Currently, private equity and venture capital investors are tightening and consolidating their investments in the startup sector. This is a result of many startups are gearing up to get sensitized with the new emerging funding climate and are looking towards debt funding so as to put a stop to equity dilutions. The valuations are already much pressurized and most of the startups prefer to dilute their shares at a later stage as this would fetch higher valuation.

Lendingkart, an Ahmedabad based startup recently raised a debt fund from IMFR Capital in lieu of obtaining funds from a PE or VC- the amount is still undisclosed.
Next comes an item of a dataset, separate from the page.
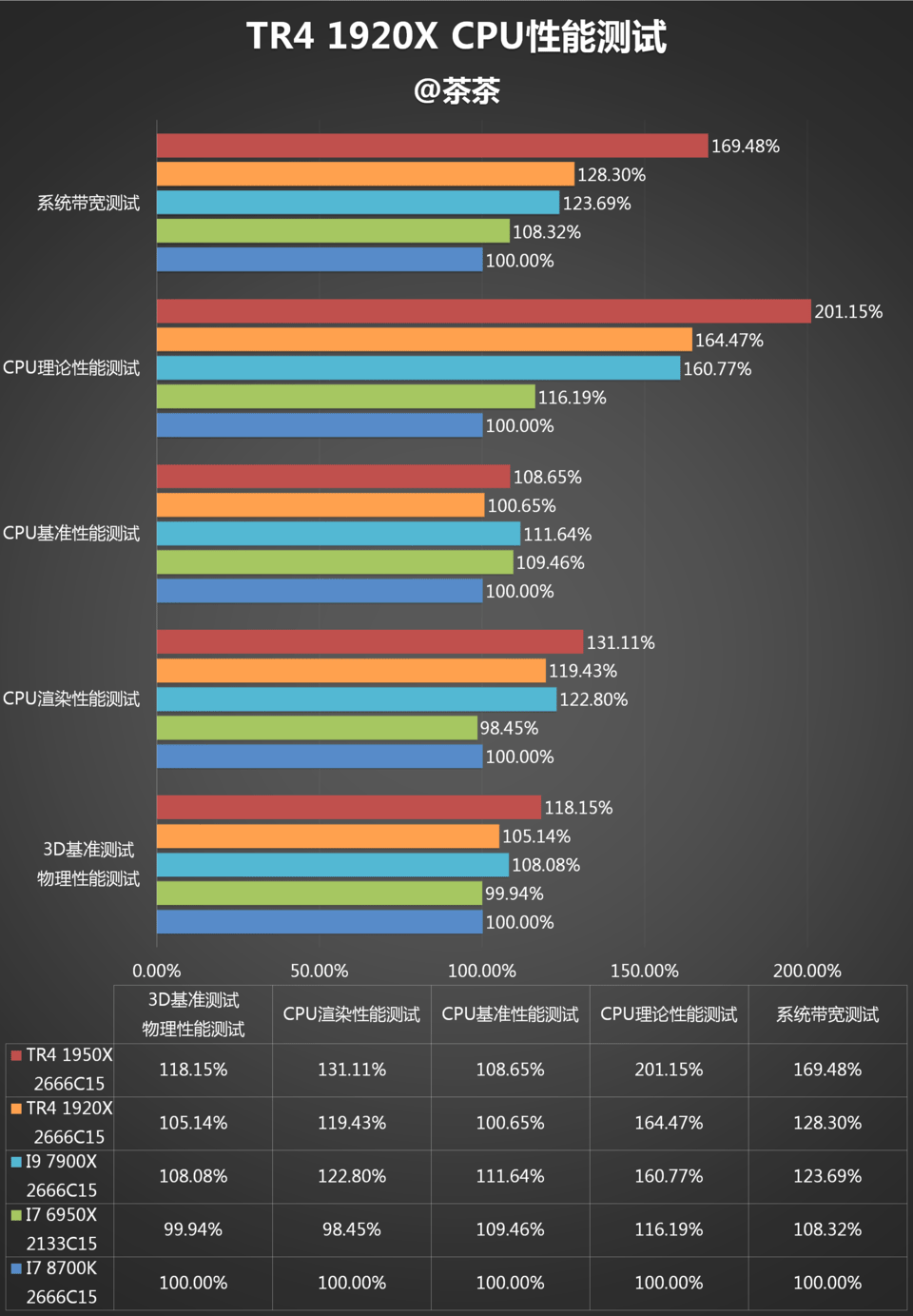 AMD 1950X和i9 7900X哪个好？AI最强1950X与7900X对比评测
Lendingkart is confident that it can obtain funds through equity dilution sometime later when the market is favorable. This firm is backed by Mayfield Fund and Saama Capital.
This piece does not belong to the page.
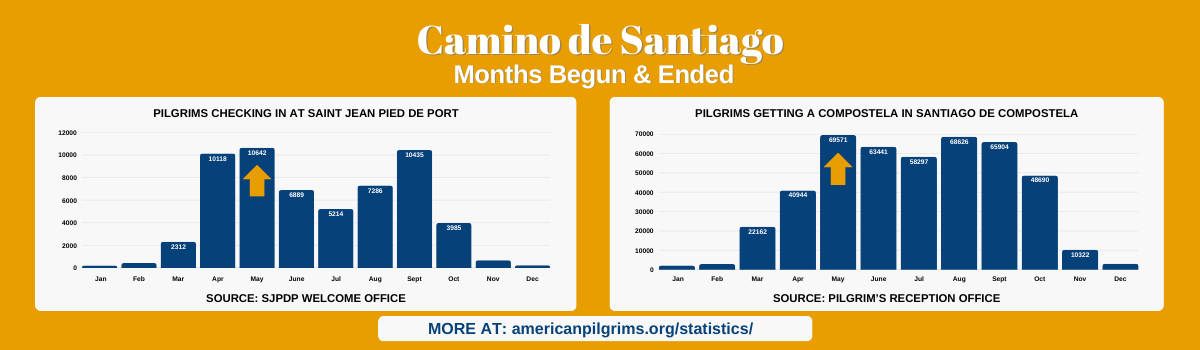 2024 pilgrim stats start end months American Pilgrims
Another example of this trend catching on is in the Mumbai based startup Faasos. Apparently Faasos has raised a debt fund of $ 3 million from InnoVen Capital. Faasos is of the opinion that most of the companies would opt for this path if they are presented with a choice. “Venture debt resolves two most critical elements — lesser dilution in stake and availability of funds at cheaper cost than equity. Venture debt is a good compliment to equity and it gives an additional cushion to startups and sometimes it also provides a runway between two rounds of equity funding” says RevantBhate, the cofounder of Faasos.

Other startup firms that have raised a debt fund recently include Embibe, PepperTap, FirstCry, Snapdeal, AppsDaily, MobiKwik, Practo, Byju’s Classes and the like.